Yesterday, our little town made a statement. In a small, but well-run, peaceful protest, the organization Citizens for a Livable Cranbrook (CLC) delivered 3018 voter response forms to force the hand of the city council to slow down, rethink, or defer to the populace on the matter of the East Hill Boundary Expansion. Our town has an official population of 18,000 or so, and in order to force a referendum on a subject there must be a minimum of 10% of that population who submit the voter response form. When you consider that there may be another few hundred to a thousand others (myself included) who did submit a voter response form, that makes nearly 25% of our town who are in favour of a deliberate expansion process. If I remember correctly, the voter turnout for the last municipal election was around the 5000 mark. total. Which means this little show of democracy gathered more input than any one of the mayoral candidates did in the last election. It will be interesting to see what happens.
What does this have to do with design? Well, here are the questions: How do I use my time, talents, and business to affect change in my world? And how do I make a living at the same time?
You see, many people in our town, and in the greater world, don’t hold to the same ideals that I do, and that my family does, and that many artists appear to. This creates a moral conundrum: when a development company, or golf course, or investment property approaches you to do design work, you want to take the job because it could potentially be a great source of income. But if you are interested in sustainable development, reasonable growth, ensuring low-income housing in your area, or maintaining the character of your town (such as it is) then you sometimes you have to make choices about what your conscience can deal with as far as accepting work and payment.

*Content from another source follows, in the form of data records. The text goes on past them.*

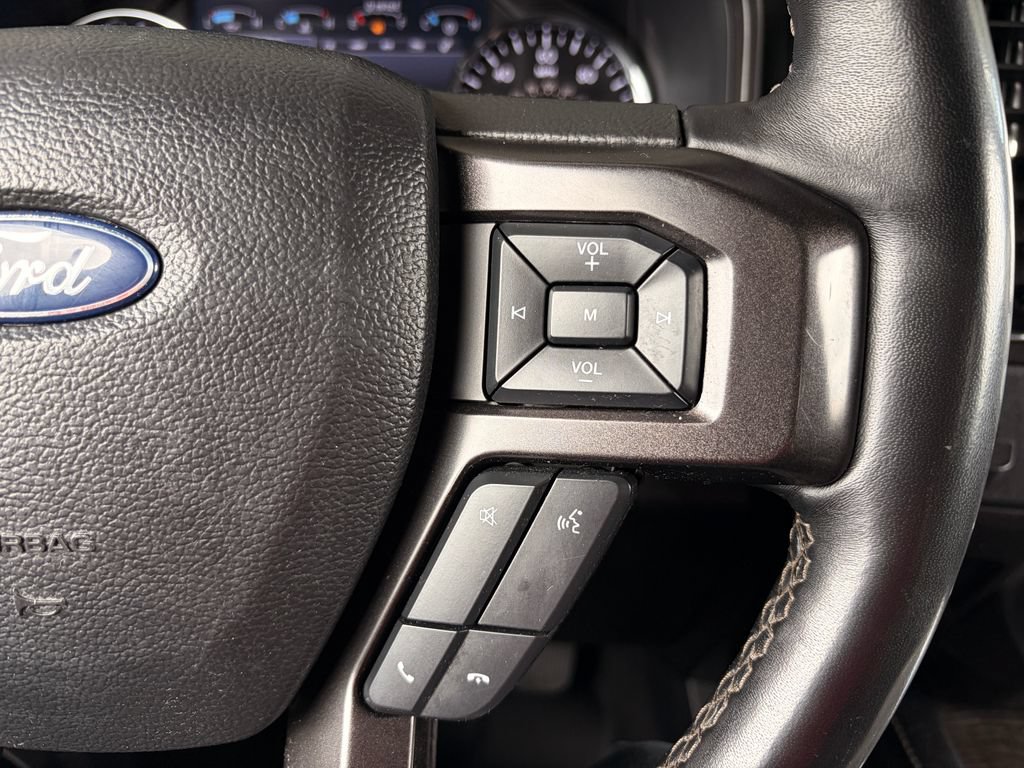 Used 2021 Ford Expedition Max Limited AWD/4WD image 22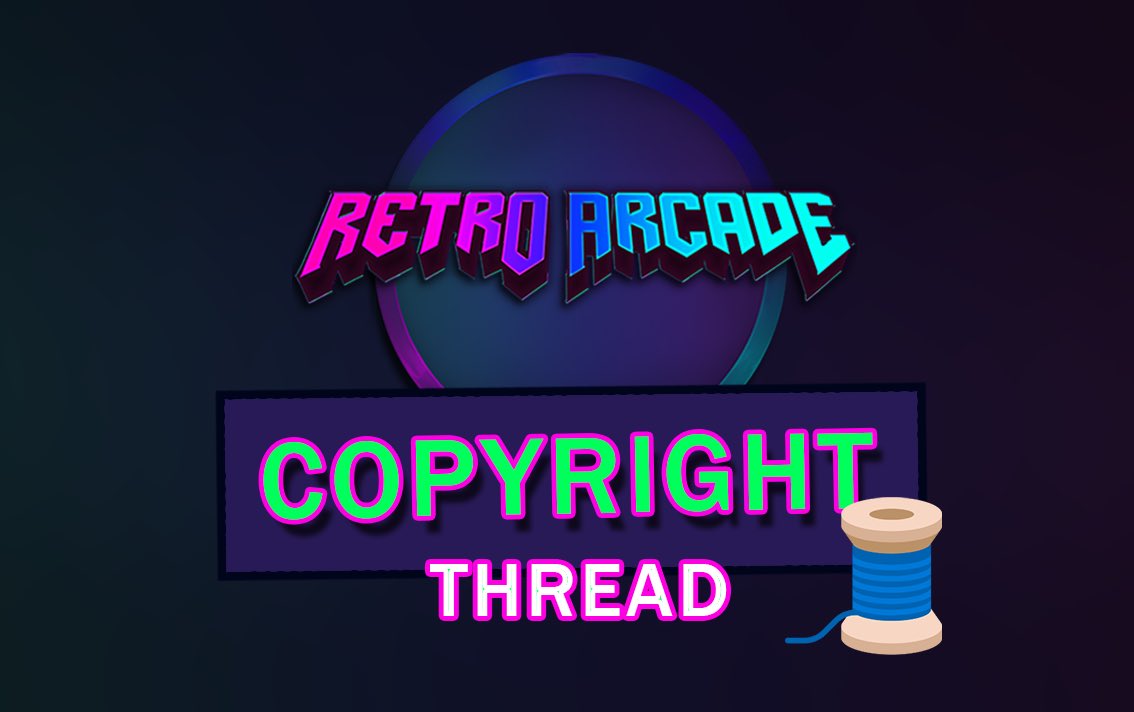 1/6

Freeware, Demoware and Copyrights:
We are using only freeware and demoware games in the collection. Currently there are 50+ games in our library and we are investigating an expansion pack with further 100+ games. 🧵👇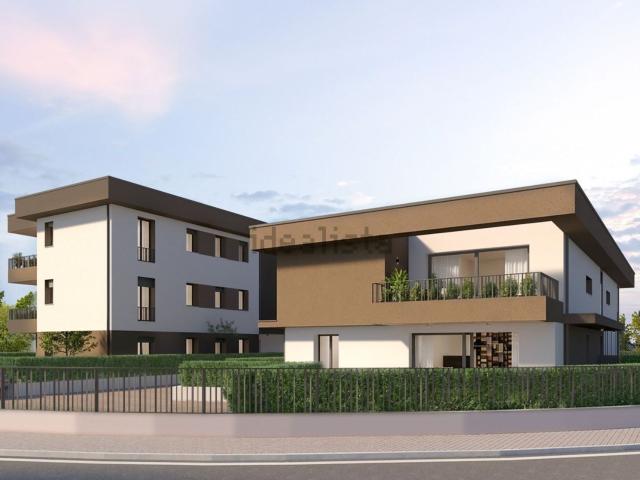 Appartamento in vendita a Chirignago-Zelarino, Venezia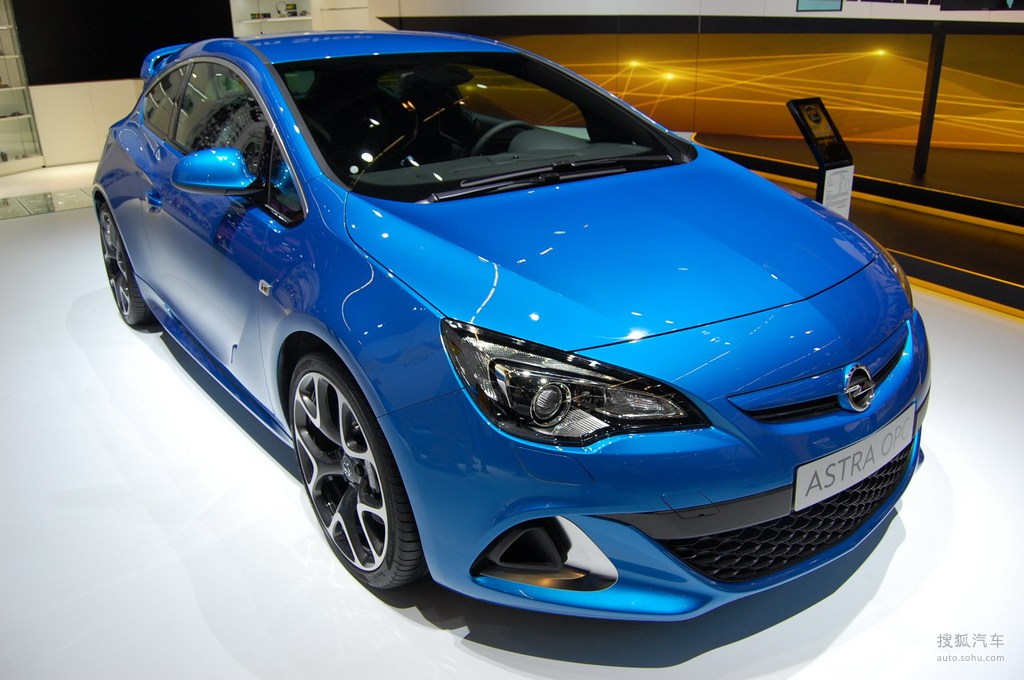 【 欧宝雅特高清图片】_其他_搜狐汽车网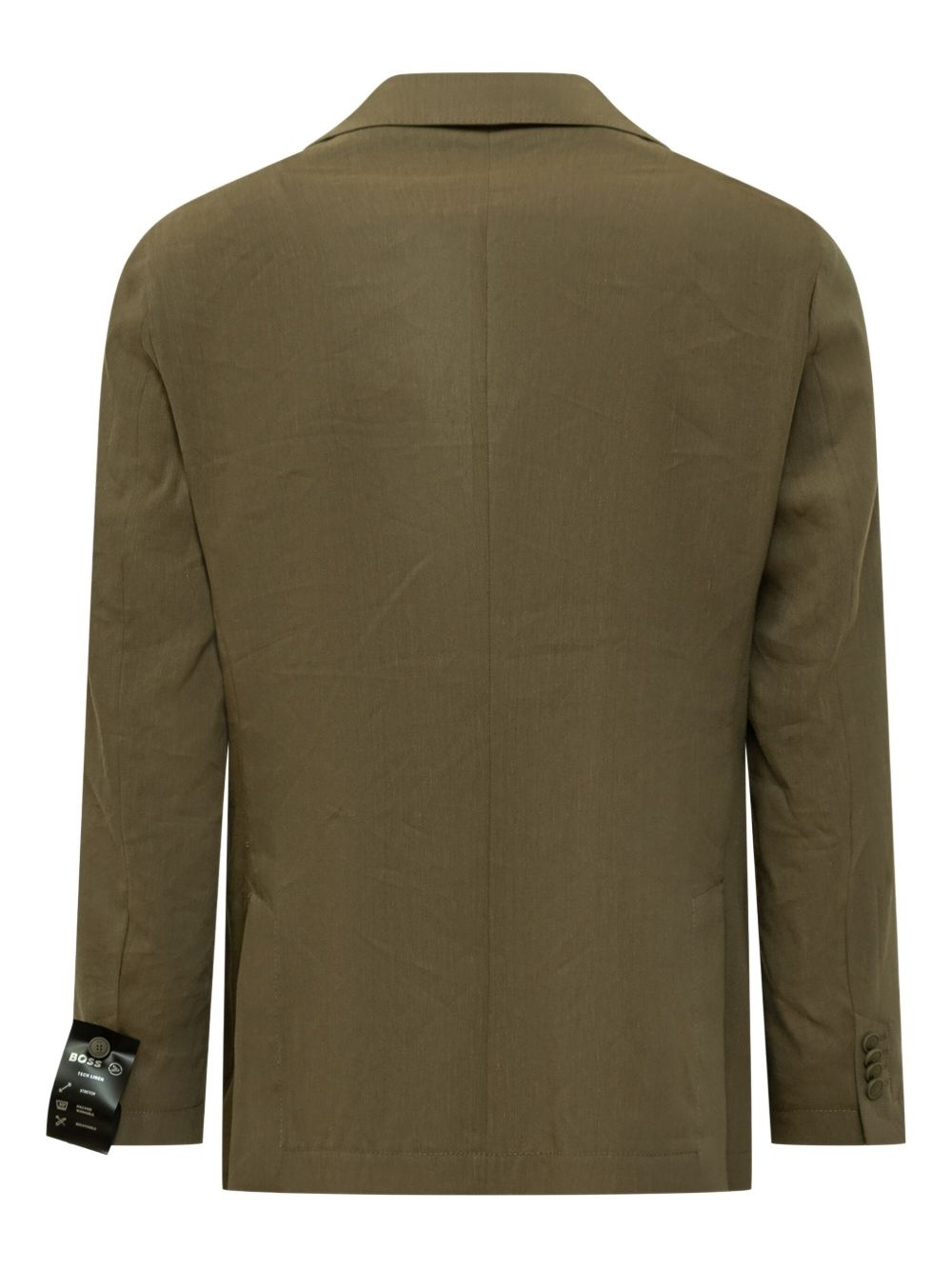 Hanry blazer - 2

I realize it is a generalization, but often development projects or companies have a rather different set of goals than sustainable development (unless you sustainable income development). The bottom line is that the reason these developments exist is for investors to reap financial rewards from a property that was divided, developed, and resold. There are examples of companies that want to proceed in a way that creates minimal environmental impact, preserves community values, and ensures quality ownership, but those companies are definitely in the minority.
So as a design firm, we have done work for several developments in the area, and have also submitted a few ‘voter response forms’ committing ourselves to being part of a democratic process that involves slowing down the kind of work that could provide us with a good income. I have yet to find a justifiable compromise for doing both. It’s not that I’m opposed to development, not at all. I guess I just want the developments that happen to be well thought, purposeful, and necessary.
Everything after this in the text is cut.